Dubai: The Philippine peso dropped to its lowest level in a year last week and faces continued pressure amid a spike in imports and oil prices, but the currency is likely to rebound as exports pick up.
Peso is facing rising pressures for increase in import driven demand for dollars. The currency sank 0.4 per cent on Friday against the dollar from the previous day to cap the week at P50.08.
Against the UAE dirham the unit traded at 13.68 on Friday, the lowest in a year offering favourable exchange rates for Filipino expatriates.
The peso’s weakness against the dirham is the result of the UAE currency is peg against the dollar.
The peso opened on Friday at P50.1 a dollar before falling to an intra-day low of P50.17 against the greenback.
The Philippine currency has lost 4.2 per cent since the beginning of this year making it the worst performing Asia currency.
Higher imports following the easing of COVID-related curbs has sent the demand for dollar soaring. The widening trade gaps are likely to result in further weakness of the currency.
Additionally, rising crude oil prices, a major component of the country’s imports and strengthening of the dollar are also resulting in downward trajectory of the currency.
Rising commodity prices, especially oil is likely to push up domestic inflation that will be a major worry for the Bangko Sentral ng Pilipinas (BSP), the country's central bank in the months ahead.
The BSP is likely to face a monetary policy dilemma on whether to continue a loose monetary policy to support the pandemic-impacted local economy or target the rising inflationary threat. A weakening peso is also likely to inflate the foreign debts of the government and exacerbate the currency weakness, that could force the central bank to act.
The silver lining in the peso’s weakness is that it is likely to boost remittances of Filipino expatriates as they take advantage of the favaourable exchange rates, adding to the forex reserves of the country.
Cash remittances from Filipinos working overseas was unaffected by the pandemic with the inflows totaling $29.9 billion last year. A marginal fall of 0.8 per cent year on year beat all forecasts including that of the Asian Development Bank, which had projected a fall of up to 20.2 per cent. The Philippine central bank initially projected a 5 per cent decline, before tempering it to a 2 per cent contraction.
The central bank data showed, in 2020, remittances from the US, which comprised nearly 40 per cent of the total, as well as from Singapore, Canada, Hong Kong, Qatar, South Korea and Taiwan grew while those from Saudi Arabia, Japan, the UK, UAE, Germany and Kuwait dropped, according to the central bank.
The central bank expects that combined with the resilient remittances, dollar flows into the Philippines from overseas will post a bigger surplus this year than initially expected as exports start to recover.
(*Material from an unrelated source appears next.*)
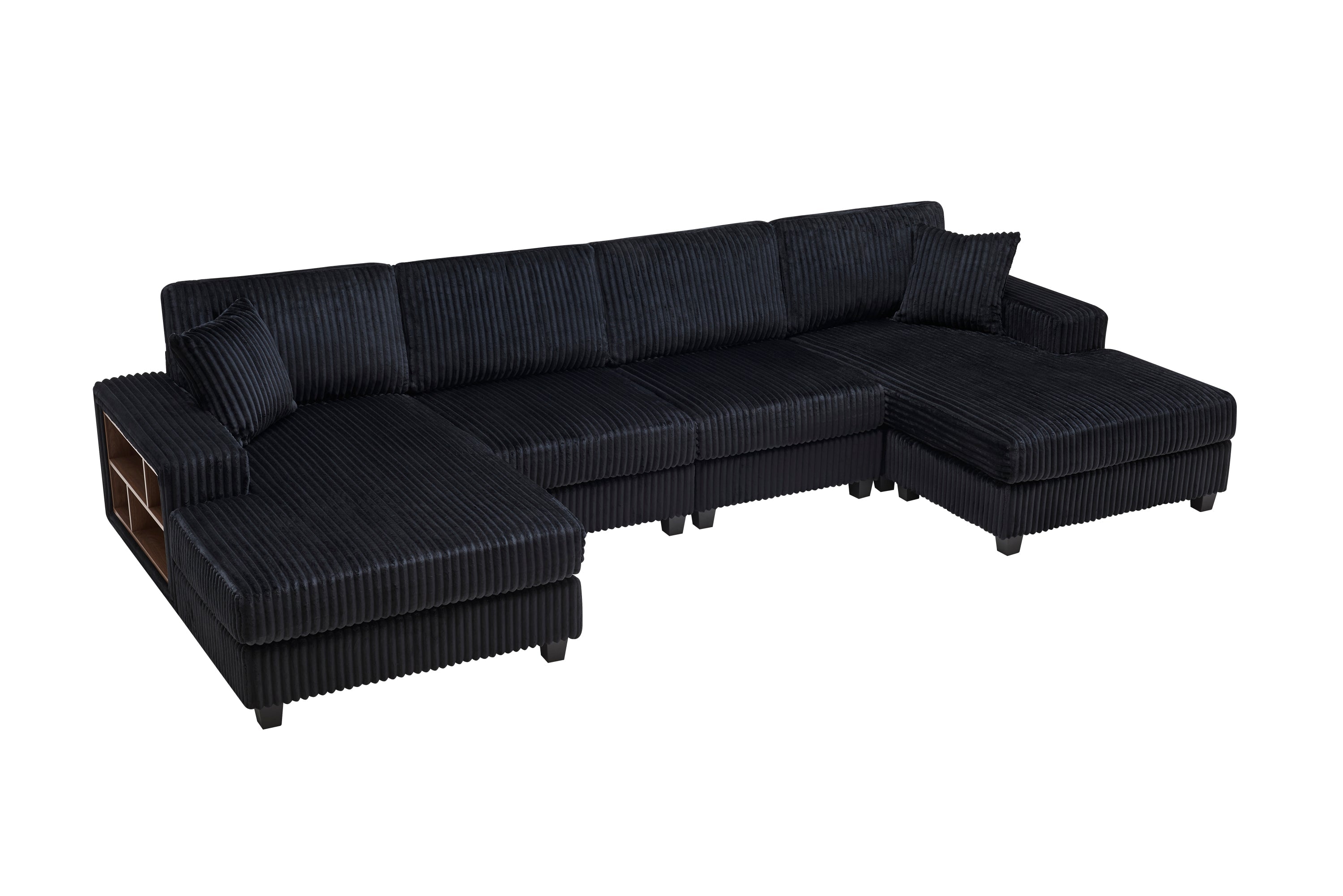 Convertible U-shaped Combination Sofa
BSP revised their latest estimated balance of payments (BOP) surplus for 2021 to $7.1 billion or 1.8 per cent of gross domestic product (GDP). This is higher than the full -year projection of $6.2 billion set by the Monetary Board last March, but substantially lower than the record high $16-billion BOP surplus for the whole of last year, when the economic slump crimped imports and investments.